GOAL OF THE EXERCISE: With the pictures left out, please write out exactly each line from the one containing "Examples of walking" through the end of the material.

DATA LISTING:
┄┄┄┄┄┄┄┄┄┄┄┄┄┄┄┄┄┄┄┄
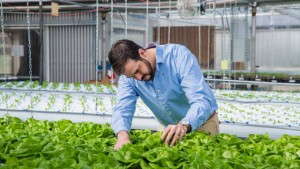 The Circle Fresh Institute Wants To Train The Next Generation Of Growers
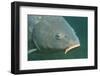 Carp Head (Cyprinus Carpio), Germany.-Reinhard Dirscherl-Framed Photographic Print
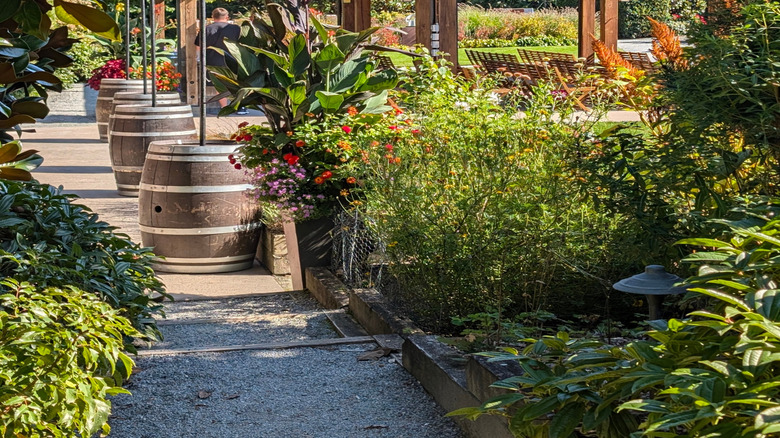 the outdoor patio at the Willows Lodge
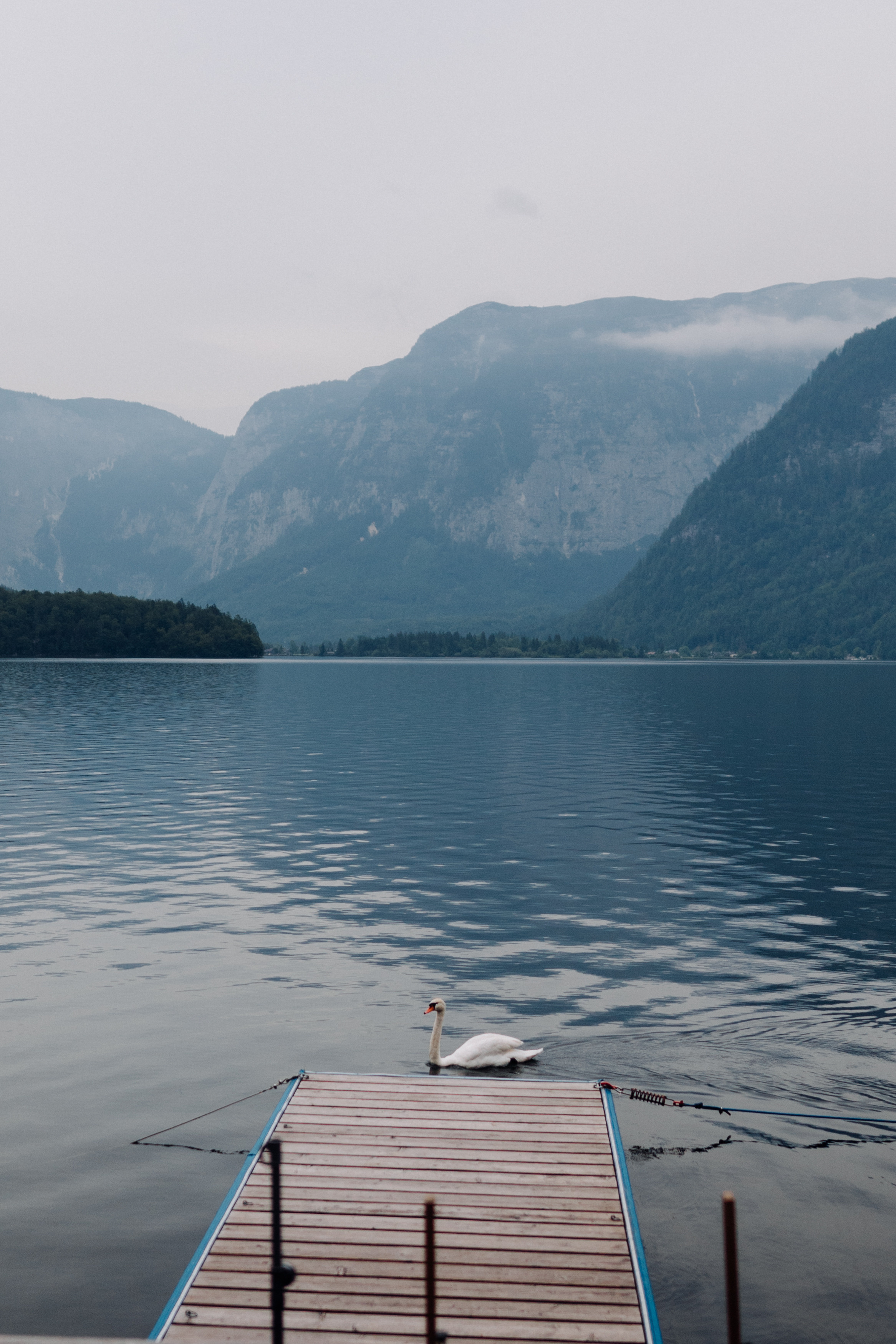 Austria. Фотограф в Праге Анна Лебедева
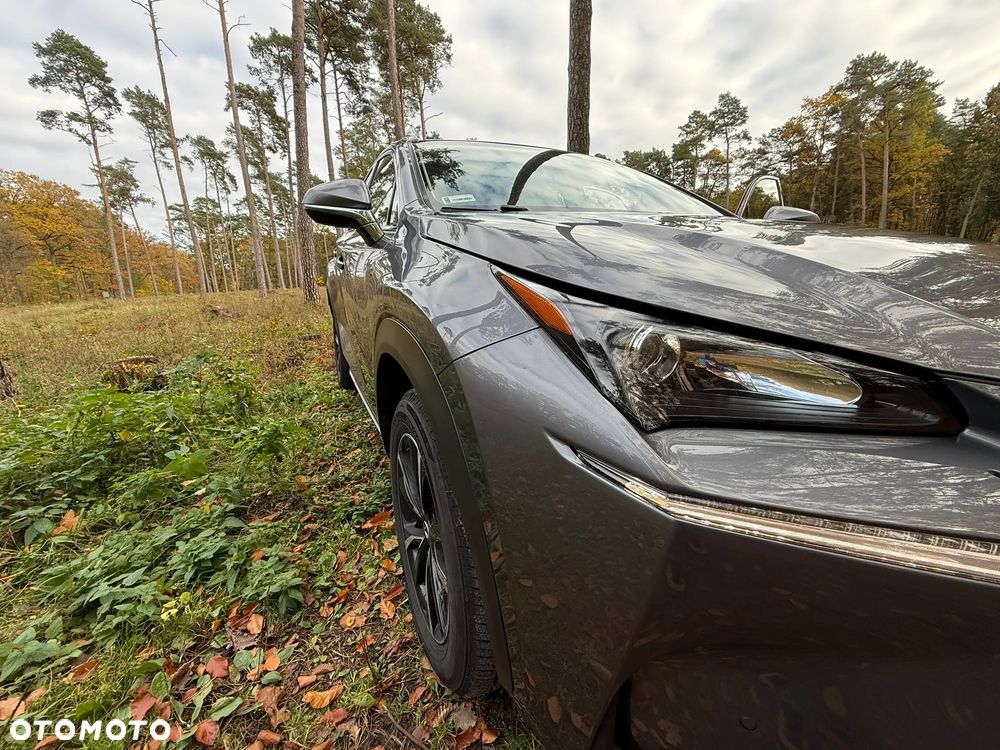 Lexus NX - 15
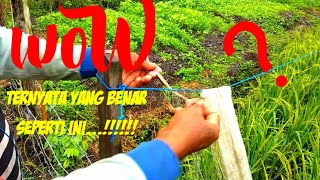 Totorial cara memasang jaring burung di sawah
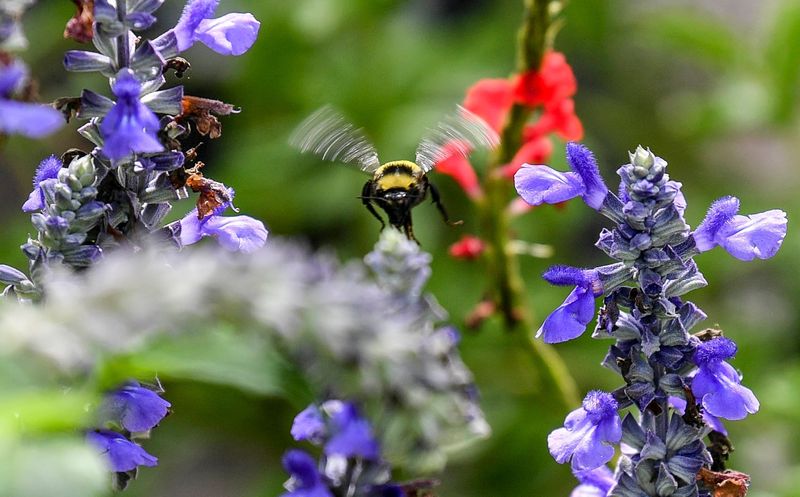 A bumblebee gathers pollen between rain showers in Melbourne. Bumblebees are particularly good pollinators. Buzz pollination helps plants produce more fruit. Craig Bailey/FLORIDA TODAY via USA TODAY NETWORK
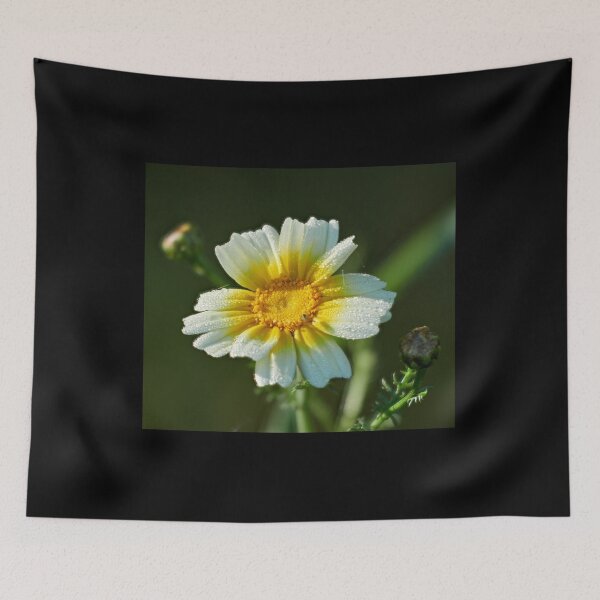 Item preview, Crowndaisy chrysanthemum with a spder 1 designed and sold by Jouko Lehto Photography.
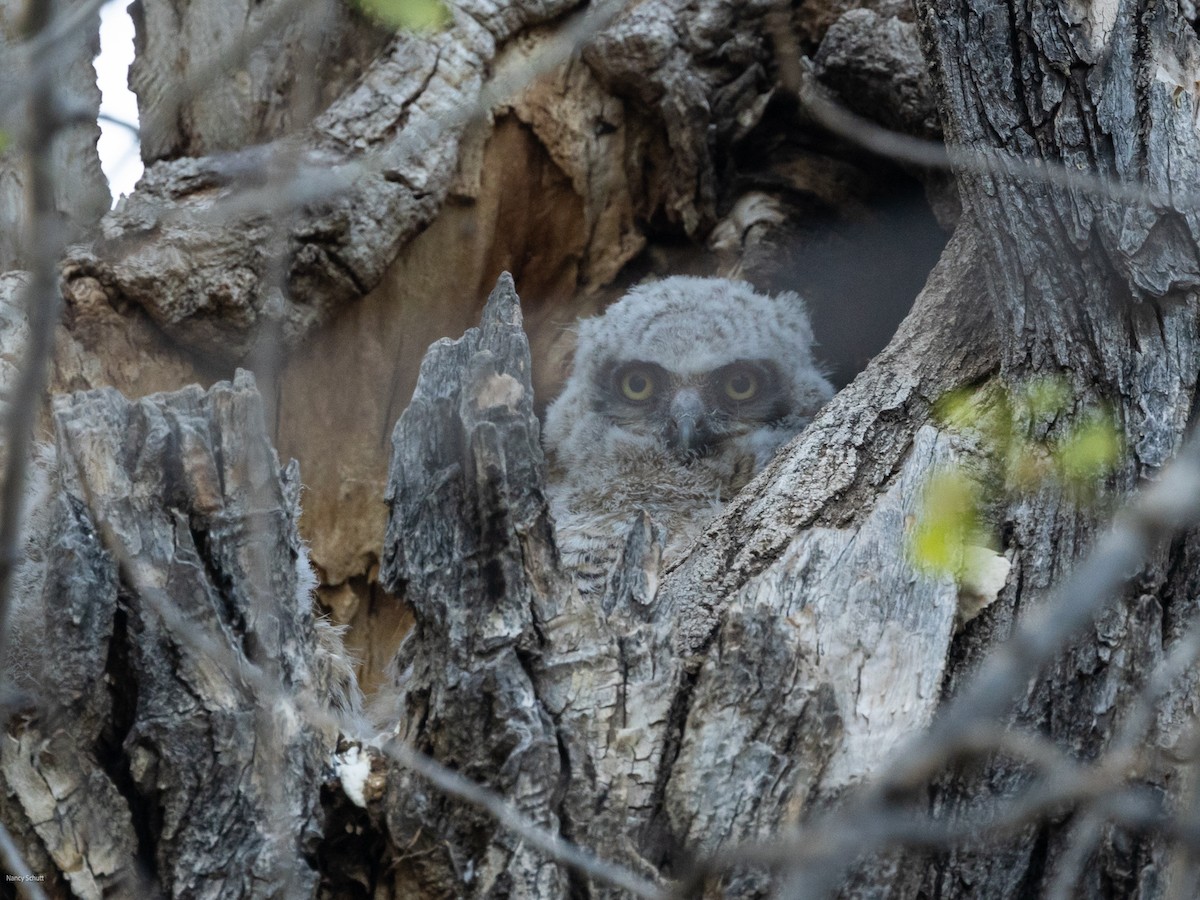 Great Horned Owl - ML617771979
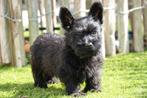 Prachtige Schotse terriër pup (scottish terriër), Dieren en Toebehoren, België, Overige rassen, CDV (hondenziekte), 8 tot 15 weken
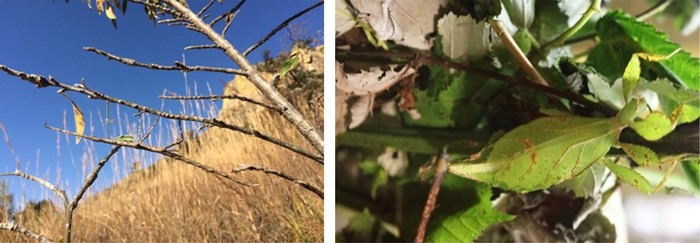 Examples of walking sticks and leaf insects that disguise themselves to look like natural objects in the environment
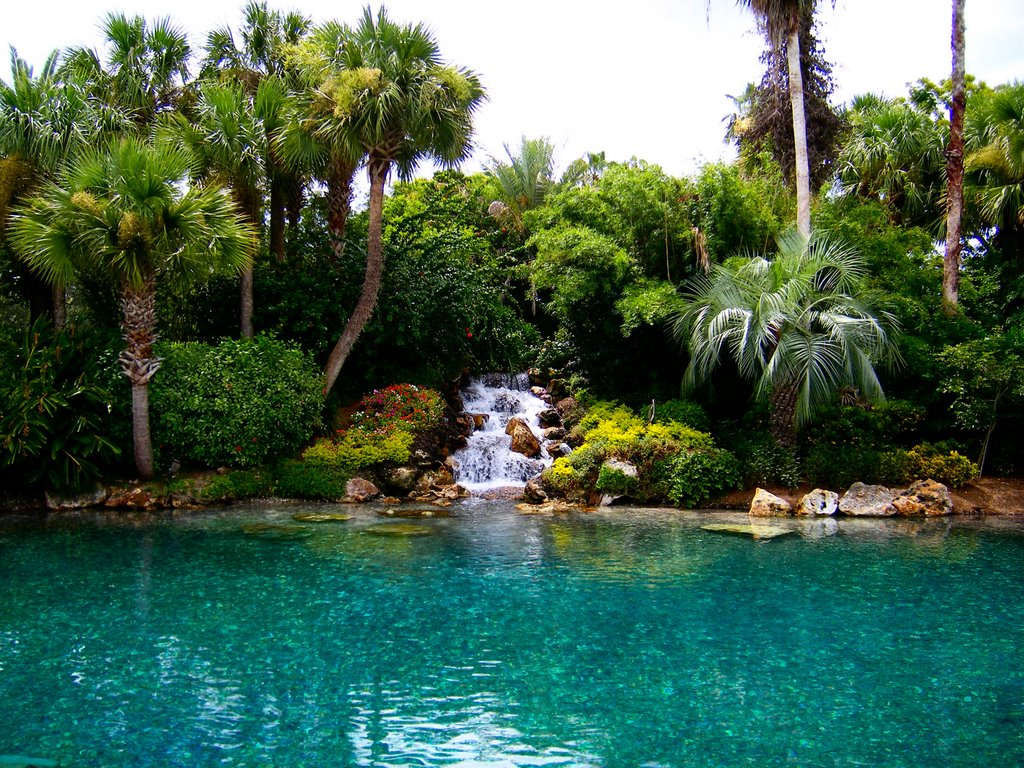 Waterfall at Hospitality Centre, Sea World by julieda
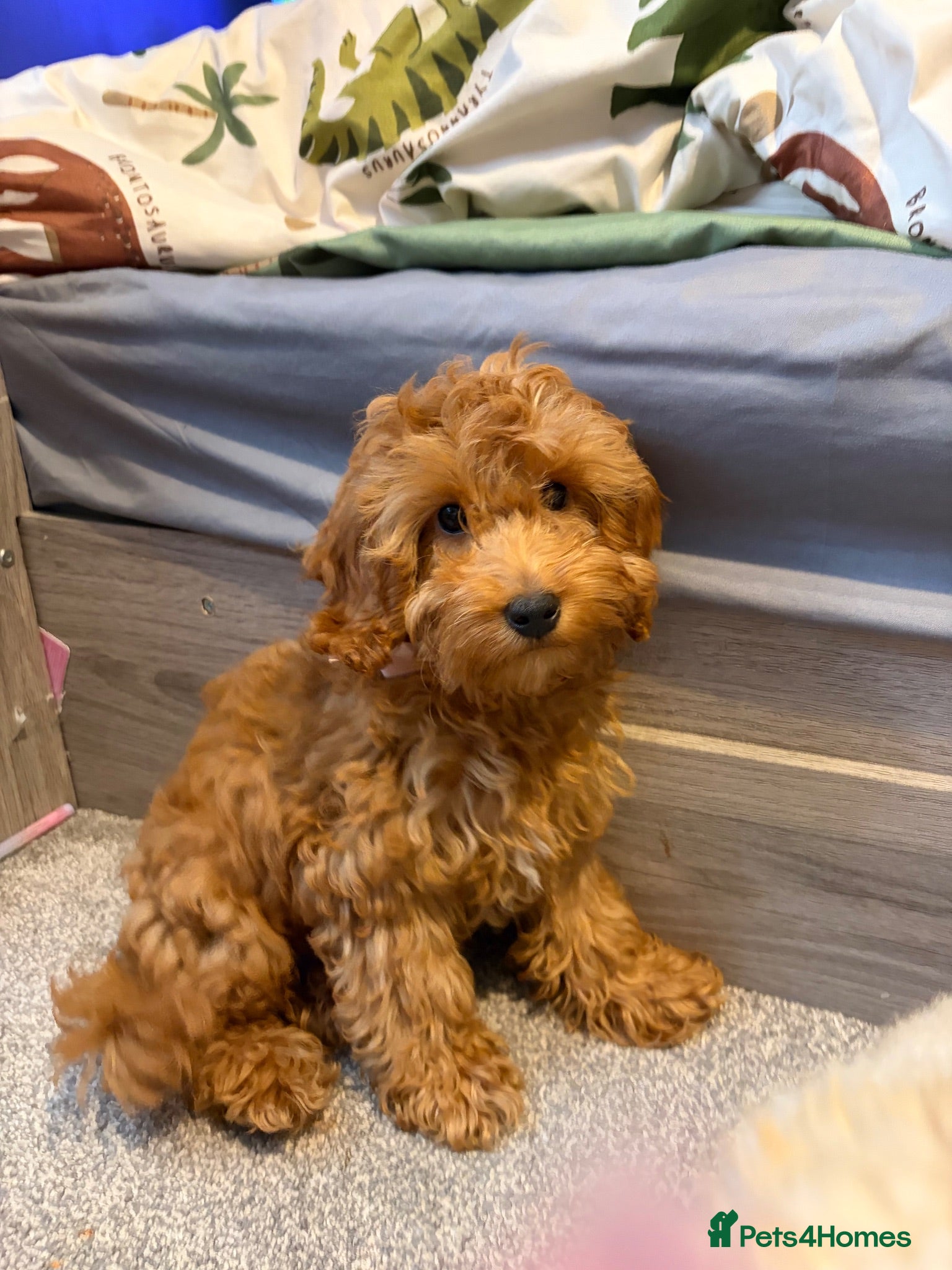 Cockapoo dogs Female Toy Cockapoo for - Advert 2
┄┄┄┄┄┄┄┄┄┄┄┄┄┄┄┄┄┄┄┄
COMPLETED EXERCISE:
 Examples of walking sticks and leaf insects that disguise themselves to look like natural objects in the environment
 Waterfall at Hospitality Centre, Sea World by julieda
 Cockapoo dogs Female Toy Cockapoo for - Advert 2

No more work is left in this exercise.